Filed under Architectural Design, DMCA, Useful Article

Design Furnishings, Inc. v. Zen Path LLC, 2:10-02765 WBS GGH (E.D. Cal. Oct. 20, 2010)

Design Furnishings and Zen Path sold wicker furniture from the same manufacturer on eBay. Zen Path, the defendant, sent a cease and desist to Design Furnishings, the declaratory judgment plaintiff, stating that Design Furnishings’ sale of the furniture infringed Zen Path’s exclusive rights granted under the Copyright and Patent Acts, and that the photos Design Furnishings used to market the furniture on Ebay infringed Zen Path’s copyrights. Design Furnishings stopped using the photos, but continued to sell the furniture.

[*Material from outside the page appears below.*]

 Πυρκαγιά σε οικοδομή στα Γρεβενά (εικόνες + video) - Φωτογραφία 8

Zen Path then allegedly sent a series of sixty-three takedown notices to Ebay, claiming that the sale of the furniture infringed its exclusive rights. Zen Path also filed copyright registration applications for four different furniture collections. Zen Path filed the registrations as “sculpture/3-D artwork, Ornamental Design” and attached pictures of the furniture. (A picture of one of the deposits is below.)

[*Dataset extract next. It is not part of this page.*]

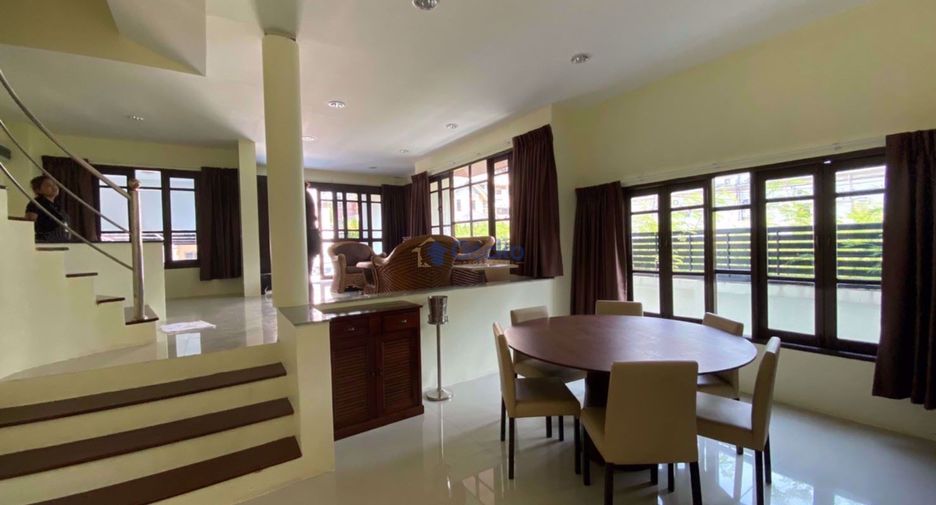 À louer 2 chambres maison à Bang Lamung, Chonburi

Design Furnishings filed an action in state court, which was later removed to federal court, which included claims for (1) misrepresentation of intellectual property infringement in violation of 17 U.S.C. § 512(f) of the Digital Millennium Copyright Act (“DMCA”), (2) tortious interference with a contract, (3) tortious interference with prospective economic advantage, (4) a violation of California’s Unfair Competition Law, Cal. Bus. & Prof. Code §§ 17200-17210, and (5) declaratory and injunctive relief.

Knowing misrepresentation

17 U.S.C. 512(f) of the DMCA provides, inter alia, that any person who knowingly materially misrepresents that “material or [an] activity is infringing,” “shall be liable for any damages, including costs and attorneys’ fees, incurred by the alleged infringer.” The Court noted, citing Rossi v. Motion Picture Ass’n of Am., Inc., 391 F.3d 1000, 1005 (9th Cir. 2004), that “Liability does not extend to when “an unknowing mistake is made, even if the copyright owner acted unreasonably in making the mistake. Rather, there must be a demonstration of some actual knowledge of misrepresentation on the part of the copyright owner.”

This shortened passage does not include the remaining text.